LONDON: Nirav Modi made a last-ditch attempt to appeal extradition to India in a hearing at the high court here on Wednesday.
Justice Chamberlain will hand down judgment as to whether Nirav will be granted permission to appeal his extradition in the coming weeks. If he denies permission, Nirav will have to be extradited to India within 28 days of his order unless he obtains an emergency injunction, known as interim measures pursuant to Rule 39, from the European Court of Human Rights in Strasbourg, France. Interim measures are usually decided in 48 hours.
Nirav, 50, who is accused of causing losses to Punjab National Bank of over $1 billion, money laundering, destroying evidence and intimidating witnesses, appeared via video link from Wandsworth prison. He was represented by Edward Fitzgerald QC, dubbed the “Rolls-Royce of barristers”, who successfully defended Jabir Motiwala, Julian Assange and Lauri Love.

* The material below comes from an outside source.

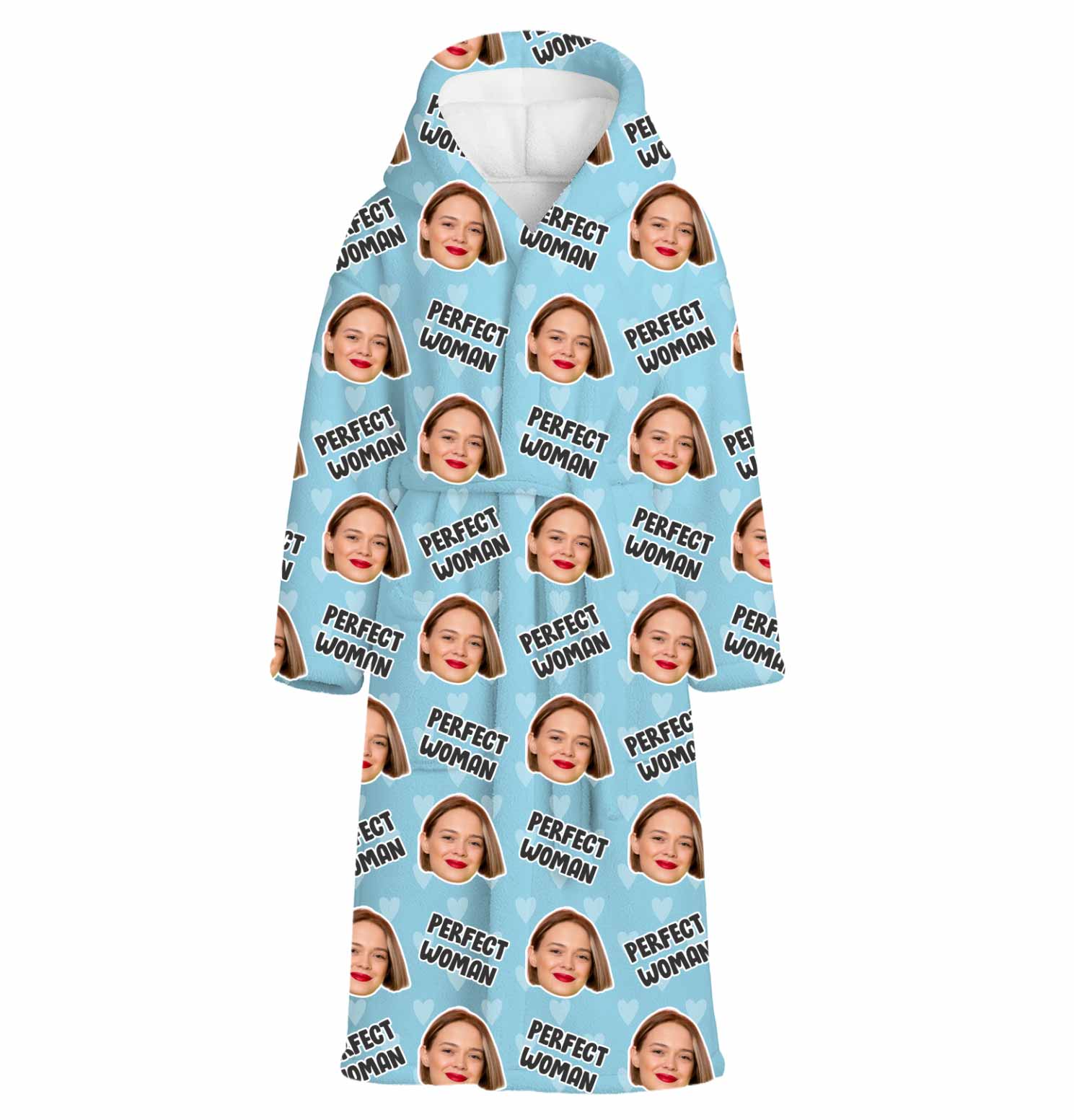 Perfect Woman Custom Robe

Fitzgerald told the court that Nirav was so mentally unwell he would qualify for being “sectioned” under the UK’s mental health act, and that he had a long history of depression and suicidal thoughts, which ran in the family as his mother had jumped off the balcony when he was eight.
Arguing that district judge Sam Goozée in the lower court, in sending Nirav’s case to the home secretary, had been wrong to dismiss his state of depression as “far from unusual” and the risk of suicide as not “immediate”, Fitzgerald said Nirav had considered killing himself with razors “to avoid being killed”.
Helen Malcom QC, representing the Indian government, said it was not oppressive to extradite “anyone who is depressed and has considered suicide”.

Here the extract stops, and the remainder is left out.